Red Hat is buying Gluster and its open-source storage know-how. The acquisition will give Red Hat a strong play in thescale-out file system space as it steps up competition against incumbent IT vendors to host the next generation of enterprise applications.
In a statement, Red Hat CTO and VP of worldwide engineering Brian Stevens said: "Our customers are looking for software-based storage solutions that manage their file-based data on-premise, in the cloud and bridging between the two. With unstructured data growth (such as log files, virtual machines, email, audio, video and documents), the 90′s paradigm of forcing everything into expensive, single-system DBMS residing on an internal corporate SAN has become unwieldy and impractical."This $136 million cash deal is just the latest instance of a big vendor buying its way into the hot scale-out storage market. Last year, for example, storage power EMC bought Isilon for its scale-out expertise. Before that, Hewlett-Packard bought Ibrix. IBM’s purchase ofStorwize and Overland Storage’s acquisition Maxiscale were all part of this cloud-inflected, scale-out storage land grab, too.

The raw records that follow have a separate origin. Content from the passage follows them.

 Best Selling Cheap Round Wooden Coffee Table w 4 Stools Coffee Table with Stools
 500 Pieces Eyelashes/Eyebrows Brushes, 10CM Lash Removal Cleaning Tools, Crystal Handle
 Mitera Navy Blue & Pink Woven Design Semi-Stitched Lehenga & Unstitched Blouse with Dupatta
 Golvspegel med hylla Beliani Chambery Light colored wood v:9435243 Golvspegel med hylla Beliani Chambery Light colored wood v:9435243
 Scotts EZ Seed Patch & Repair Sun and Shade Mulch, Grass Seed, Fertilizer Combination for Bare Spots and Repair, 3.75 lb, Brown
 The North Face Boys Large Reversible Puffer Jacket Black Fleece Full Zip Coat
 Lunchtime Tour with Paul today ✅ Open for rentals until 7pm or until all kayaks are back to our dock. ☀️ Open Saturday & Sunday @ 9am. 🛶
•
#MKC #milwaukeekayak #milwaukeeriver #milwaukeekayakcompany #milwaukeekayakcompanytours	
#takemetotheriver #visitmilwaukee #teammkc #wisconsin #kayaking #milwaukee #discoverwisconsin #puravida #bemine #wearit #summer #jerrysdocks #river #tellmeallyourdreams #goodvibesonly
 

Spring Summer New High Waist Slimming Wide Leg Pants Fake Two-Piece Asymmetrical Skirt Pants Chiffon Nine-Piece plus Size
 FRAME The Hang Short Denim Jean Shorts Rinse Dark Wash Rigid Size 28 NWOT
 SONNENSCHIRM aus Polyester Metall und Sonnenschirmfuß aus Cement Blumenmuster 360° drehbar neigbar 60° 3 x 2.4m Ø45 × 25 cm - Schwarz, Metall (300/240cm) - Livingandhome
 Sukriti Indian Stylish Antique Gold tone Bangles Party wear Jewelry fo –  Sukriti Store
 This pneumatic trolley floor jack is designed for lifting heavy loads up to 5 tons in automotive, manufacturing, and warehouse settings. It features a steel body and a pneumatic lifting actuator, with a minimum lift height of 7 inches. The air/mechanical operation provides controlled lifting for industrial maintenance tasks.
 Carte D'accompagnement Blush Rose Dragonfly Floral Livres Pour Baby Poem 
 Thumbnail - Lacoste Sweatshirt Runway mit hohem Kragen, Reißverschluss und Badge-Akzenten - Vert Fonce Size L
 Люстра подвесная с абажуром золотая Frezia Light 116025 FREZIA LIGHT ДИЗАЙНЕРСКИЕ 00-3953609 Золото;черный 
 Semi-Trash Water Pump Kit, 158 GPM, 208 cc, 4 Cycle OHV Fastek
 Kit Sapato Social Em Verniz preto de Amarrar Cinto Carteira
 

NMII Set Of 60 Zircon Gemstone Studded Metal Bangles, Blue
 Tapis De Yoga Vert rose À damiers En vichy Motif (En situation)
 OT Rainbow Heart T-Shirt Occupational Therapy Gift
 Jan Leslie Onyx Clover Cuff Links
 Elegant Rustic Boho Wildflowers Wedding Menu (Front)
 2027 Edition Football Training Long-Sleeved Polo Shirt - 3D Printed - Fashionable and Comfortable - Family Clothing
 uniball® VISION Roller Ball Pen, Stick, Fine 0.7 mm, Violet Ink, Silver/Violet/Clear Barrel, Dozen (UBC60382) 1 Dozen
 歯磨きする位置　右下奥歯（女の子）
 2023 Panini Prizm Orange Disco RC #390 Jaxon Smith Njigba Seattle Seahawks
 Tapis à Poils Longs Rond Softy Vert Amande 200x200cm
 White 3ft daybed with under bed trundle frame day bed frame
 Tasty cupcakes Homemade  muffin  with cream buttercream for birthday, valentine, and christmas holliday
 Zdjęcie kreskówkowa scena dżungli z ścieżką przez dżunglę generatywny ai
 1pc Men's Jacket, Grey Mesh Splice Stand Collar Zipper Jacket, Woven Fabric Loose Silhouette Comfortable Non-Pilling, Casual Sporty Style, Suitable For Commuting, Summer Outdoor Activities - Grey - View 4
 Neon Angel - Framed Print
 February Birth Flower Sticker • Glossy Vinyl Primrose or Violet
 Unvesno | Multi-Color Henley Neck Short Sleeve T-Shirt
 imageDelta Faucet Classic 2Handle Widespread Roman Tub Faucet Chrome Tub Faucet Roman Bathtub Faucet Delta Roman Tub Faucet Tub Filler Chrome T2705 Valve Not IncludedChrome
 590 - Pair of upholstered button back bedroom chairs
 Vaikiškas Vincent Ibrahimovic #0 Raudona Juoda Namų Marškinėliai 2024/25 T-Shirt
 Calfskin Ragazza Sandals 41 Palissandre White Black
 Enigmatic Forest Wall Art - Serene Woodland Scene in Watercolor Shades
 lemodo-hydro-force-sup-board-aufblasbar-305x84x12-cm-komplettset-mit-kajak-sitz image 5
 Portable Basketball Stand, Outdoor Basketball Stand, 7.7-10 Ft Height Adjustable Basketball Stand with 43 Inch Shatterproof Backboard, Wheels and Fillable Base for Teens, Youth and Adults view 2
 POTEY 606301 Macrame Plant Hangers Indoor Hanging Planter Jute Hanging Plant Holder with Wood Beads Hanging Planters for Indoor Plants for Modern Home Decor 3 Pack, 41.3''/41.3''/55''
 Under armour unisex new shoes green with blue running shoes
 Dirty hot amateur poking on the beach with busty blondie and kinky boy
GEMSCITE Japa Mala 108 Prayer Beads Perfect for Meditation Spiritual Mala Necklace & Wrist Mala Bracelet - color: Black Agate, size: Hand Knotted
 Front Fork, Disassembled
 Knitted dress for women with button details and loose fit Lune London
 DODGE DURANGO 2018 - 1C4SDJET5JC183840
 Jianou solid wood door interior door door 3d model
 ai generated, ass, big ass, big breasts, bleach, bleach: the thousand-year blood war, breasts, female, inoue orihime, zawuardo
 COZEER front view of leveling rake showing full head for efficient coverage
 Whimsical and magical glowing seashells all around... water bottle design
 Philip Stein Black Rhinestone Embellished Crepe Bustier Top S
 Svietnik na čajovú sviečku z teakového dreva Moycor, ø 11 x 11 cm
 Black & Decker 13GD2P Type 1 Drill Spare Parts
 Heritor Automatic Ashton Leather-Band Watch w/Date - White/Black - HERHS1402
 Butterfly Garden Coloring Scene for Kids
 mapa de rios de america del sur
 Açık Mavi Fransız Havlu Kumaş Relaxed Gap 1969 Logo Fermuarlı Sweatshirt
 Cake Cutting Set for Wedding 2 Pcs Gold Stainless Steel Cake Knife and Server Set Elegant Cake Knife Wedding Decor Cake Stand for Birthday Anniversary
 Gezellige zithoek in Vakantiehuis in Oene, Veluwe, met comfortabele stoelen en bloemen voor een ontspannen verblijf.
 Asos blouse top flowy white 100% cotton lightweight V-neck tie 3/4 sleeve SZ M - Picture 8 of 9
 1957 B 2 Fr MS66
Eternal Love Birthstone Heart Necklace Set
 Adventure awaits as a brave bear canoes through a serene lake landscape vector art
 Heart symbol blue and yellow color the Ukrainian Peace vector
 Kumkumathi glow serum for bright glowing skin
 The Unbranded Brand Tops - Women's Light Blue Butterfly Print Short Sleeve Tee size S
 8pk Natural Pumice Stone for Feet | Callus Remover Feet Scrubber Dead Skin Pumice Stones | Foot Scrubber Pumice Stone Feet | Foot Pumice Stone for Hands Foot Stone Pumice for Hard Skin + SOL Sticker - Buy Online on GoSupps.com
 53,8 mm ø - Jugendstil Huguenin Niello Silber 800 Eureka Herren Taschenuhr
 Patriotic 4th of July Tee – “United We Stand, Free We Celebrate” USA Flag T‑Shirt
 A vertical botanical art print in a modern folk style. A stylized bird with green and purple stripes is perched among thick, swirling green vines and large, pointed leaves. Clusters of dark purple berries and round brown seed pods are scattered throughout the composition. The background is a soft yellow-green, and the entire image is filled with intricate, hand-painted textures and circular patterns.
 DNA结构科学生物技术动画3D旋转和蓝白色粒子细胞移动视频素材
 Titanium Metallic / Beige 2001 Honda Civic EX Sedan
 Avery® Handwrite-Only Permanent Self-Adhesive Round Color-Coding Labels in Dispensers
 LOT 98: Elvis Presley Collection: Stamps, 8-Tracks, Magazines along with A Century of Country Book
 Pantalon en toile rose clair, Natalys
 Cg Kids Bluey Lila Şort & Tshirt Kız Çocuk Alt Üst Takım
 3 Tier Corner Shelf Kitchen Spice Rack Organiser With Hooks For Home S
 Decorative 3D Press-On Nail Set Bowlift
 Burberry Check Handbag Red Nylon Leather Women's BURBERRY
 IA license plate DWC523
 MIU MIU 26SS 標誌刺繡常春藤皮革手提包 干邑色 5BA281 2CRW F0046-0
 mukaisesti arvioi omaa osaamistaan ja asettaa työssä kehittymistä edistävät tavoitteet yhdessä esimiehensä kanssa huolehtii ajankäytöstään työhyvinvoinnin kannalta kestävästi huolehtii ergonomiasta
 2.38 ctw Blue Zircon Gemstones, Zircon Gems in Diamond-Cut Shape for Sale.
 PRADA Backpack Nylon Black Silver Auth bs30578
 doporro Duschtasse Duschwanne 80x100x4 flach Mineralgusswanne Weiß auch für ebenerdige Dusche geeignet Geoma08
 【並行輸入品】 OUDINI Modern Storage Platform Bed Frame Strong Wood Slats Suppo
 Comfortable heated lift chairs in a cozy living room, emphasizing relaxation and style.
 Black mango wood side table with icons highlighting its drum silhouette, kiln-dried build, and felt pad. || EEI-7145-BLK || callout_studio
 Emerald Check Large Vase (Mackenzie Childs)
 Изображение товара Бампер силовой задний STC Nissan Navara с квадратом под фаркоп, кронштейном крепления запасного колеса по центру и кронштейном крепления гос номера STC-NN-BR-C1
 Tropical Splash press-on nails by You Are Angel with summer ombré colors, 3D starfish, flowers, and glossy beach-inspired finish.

In the pricier, traditional scale-up model, lots of new nodes are piled up behind a few big, pricey controller servers. In scale-out storage, companies can add more inexpensive commodity server nodes horizontally, and such additions tend to be relatively easy and inexpensive.
Red Hat said it will continue to sell and support Gluster’s existing products, and it will also incorporate Gluster technology into other Red Hat solutions. It will sell Gluster’s services via Red Hat’s usual subscription model. Sunnyvale, Calif.–based Gluster claims 150 customers, including streaming music pioneer Pandora.